They claimed this, also:

From today we introduce moderation and check each company that our partners want to encrypt to avoid social consequences in the future.

Right. And they have some bridges across the Reka Vop’ to sell us, also. All illegal behavior, much less terrorist behavior, if left unanswered has social consequences.

No, these…personages…have simply applied a Willy Sutton tenet to their terrorism:

Go where the money is. Go there often.

Our Federal government, actively aided by our State governments, need to get aggressive with active responses to such attacks. The time for passivity, for merely acting defensively after the fact, is long past. Terrorists, physical or cyber, network entities or state-sponsored, need to be burned to the ground.

The negligence of company CEOs, COOs, and CIOs, including those officers at Colonial Pipeline, in not being serious about hardening their systems, also badly wants sanction.

Other Implications

Automakers are starting to adjust their level of dependence on Just in Time manufacturing, a technique whereby manufacturers vastly reduce inventory holding costs by having the relevant inputs—car parts, for instance—arrive at the factory just before they’re needed. In some of the more extreme cases, that includes arriving on the moving assembly line just before it’s needed for addition to the growing product.

The hyperefficient auto supply chain symbolized by the words “just in time” is undergoing its biggest transformation in more than half a century, accelerated by the troubles car makers have suffered during the pandemic. After sudden swings in demand, freak weather, and a series of accidents, they are reassessing their basic assumption that they could always get the parts they needed when they needed them.
“The just-in-time model is designed for supply chain efficiencies and economies of scale,” said Ashwani Gupta, Nissan Motor Co’s chief operating officer. “The repercussions of an unprecedented crisis like Covid highlight the fragility of our supply-chain model.”

That’s true, and it’s also good that that fragility finally is being taken seriously.

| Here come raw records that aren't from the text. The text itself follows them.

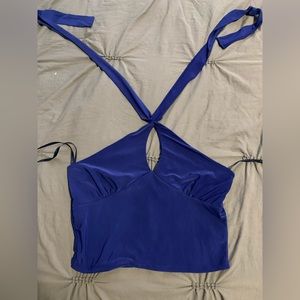 Royal Blue halter top with tie around neck straps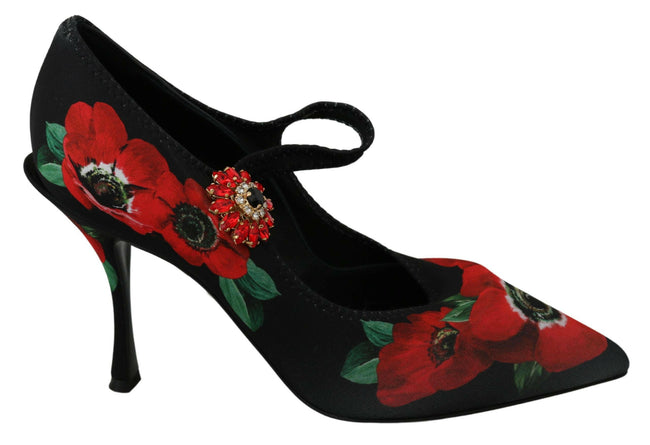 Dolce & Gabbana Black Red Floral Mary Janes Pumps Shoes - GENUINE AUTHENTIC BRAND LLC  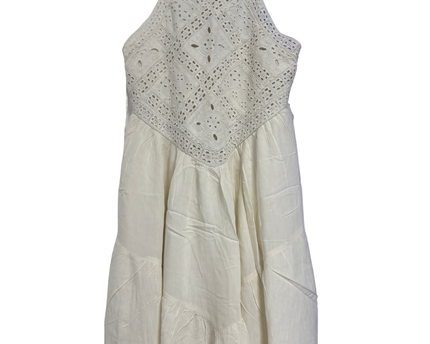 American Eagle White Eyelet Lace Halter Mini Dress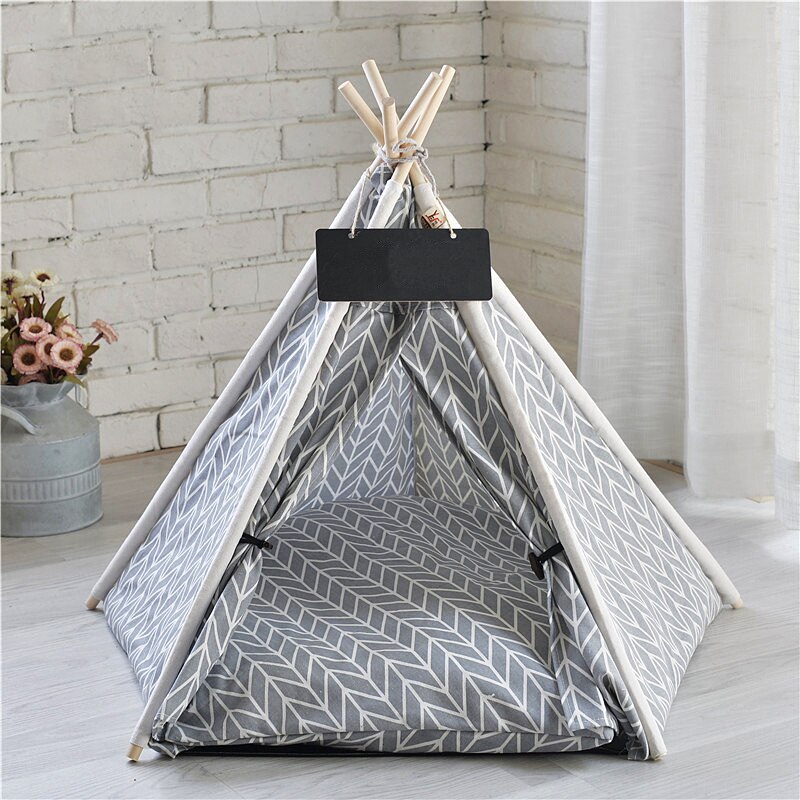 Portatile di Lino Tenda Pet Casa Del Cane gattino Casa Lavabile Teepee del Cucciolo del Gatto Indoor Outdoor Canili Portatile Teepee Cave con Zerbino: grey / 5 corner tent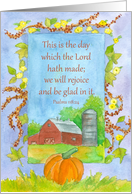 Psalms Bible Verse Autumn Red Barn Pumpkins card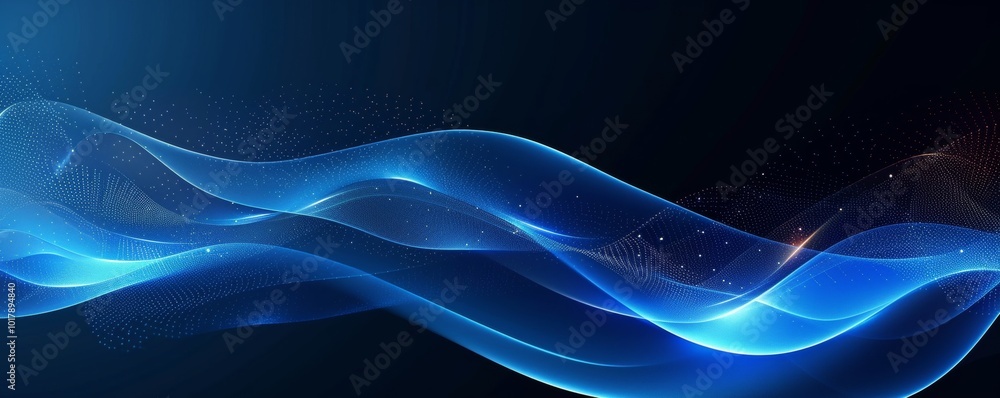Aufkleber abstract shiny blue wave on dark background. modern flowing wave design element. technology science 
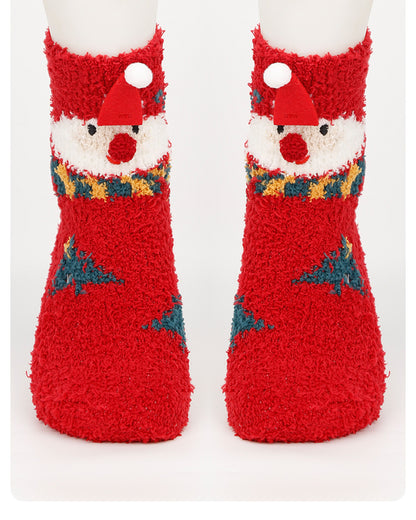 Christmas socks women's Christmas tree socks winter thick warm coral fleece sleep socks cartoon elk snowman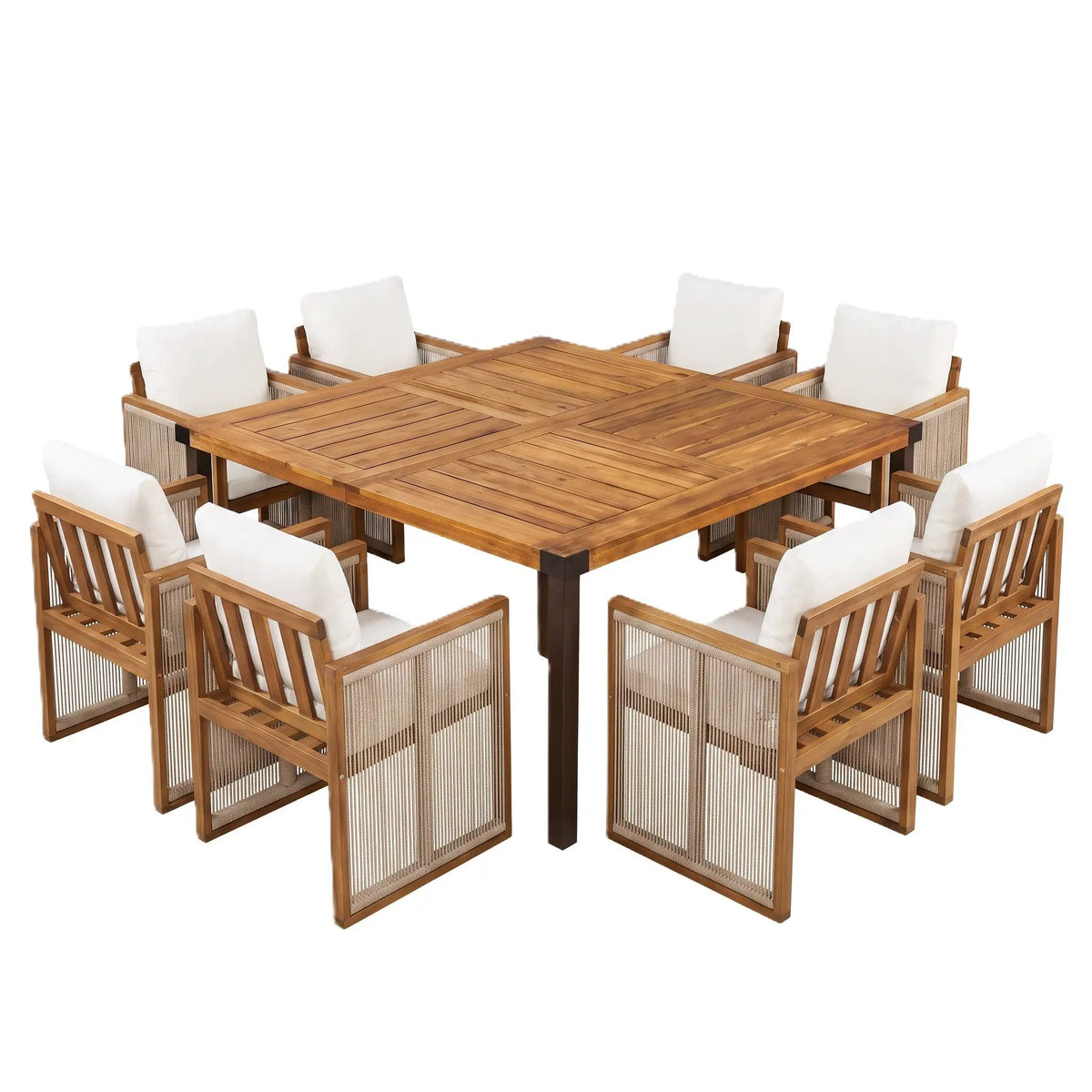 9-Piece Acacia Wood Outdoor Patio Dining Set by HouseOfZazla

There are two other factors in JIT supply chain fragility beside those largely innocent ones. One is the fact that an enormous amount of trade goods, including raw materials and components for assembly into larger components or finished products, passes through the South China Sea. A large majority of Japan’s inputs and trillions of dollars of value for the US pass through the that Sea. Those shipping lanes are at increasing risk from an increasingly aggressive and acquisitive People’s Republic of China.

The other source is supply chain disruption by union strikes. Strikes generally and supply disruption by strikes are ways in which unions extort concessions out of manufacturers.

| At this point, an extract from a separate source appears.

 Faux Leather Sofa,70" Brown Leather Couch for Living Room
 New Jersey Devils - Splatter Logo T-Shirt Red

Inventory on hand, rather than on trucks or rail cars, helps manufacturers get through those deliberate disruptions.

C Boyden Gray vs NASDAQ

I know who should be winning. I know how the matter should be resolved.

Recall that NASDAQ wants to require companies, as a condition of being listed on the NASDAQ exchange, to have quotas of particular groups of Americans on those companies’ boards of directors:

“at least one director who self-identifies as female,” and “at least one director who self-identifies as Black or African American, Hispanic or Latinx, Asian, Native American or Alaska Native, two or more races or ethnicities, or as LGBTQ+.”

And

Noncompliant firms must publicly “explain”—in writing—why they don’t meet Nasdaq’s quotas.

Gray’s and his colleague, Jonathan Berry’s, summary of their Comment filing before the SEC is spot on.

Nasdaq’s discriminate-or-explain rule is unlawful, unconstitutional, and unsupported by the evidence. Quota systems like this unjustifiably classify people by arbitrary categories of sex and race in violation of equal-protection principles, and the “alternative” of explaining why a firm won’t discriminate compels speech in violation of the First Amendment.

Yet, this is the damage the social justice warriors that infest our government at all levels would inflict.

“How to Save the Post Office, Maybe”

That’s the headline of a Monday Wall Street Journal editorial.

In response to which I ask, why do we need to?

After all, using the Editors’ own numbers,

the USPS says in 2006 there were 5.6 daily pieces of mail per delivery point. Last year: three. By 2030 the estimate is 1.7.

Why? It’s a shrinking need; the Internet is supplanting mail delivery. In-person communication is done by telephone, Skype, Zoom, and a plethora of other applications. Written correspondence is handled, in among other ways, by a plethora of email facilities.

The Postmaster General, and the Editors, think it would be a good idea to extend the delivery time for long distance first class mail from three days to as many as five. The horror.

They also want to boost the price of using the mail system—the stamps we use.

Here’s a thought about an alternative, though, and one that has a chance of saving both our taxpayer dollars and reducing our consumer costs.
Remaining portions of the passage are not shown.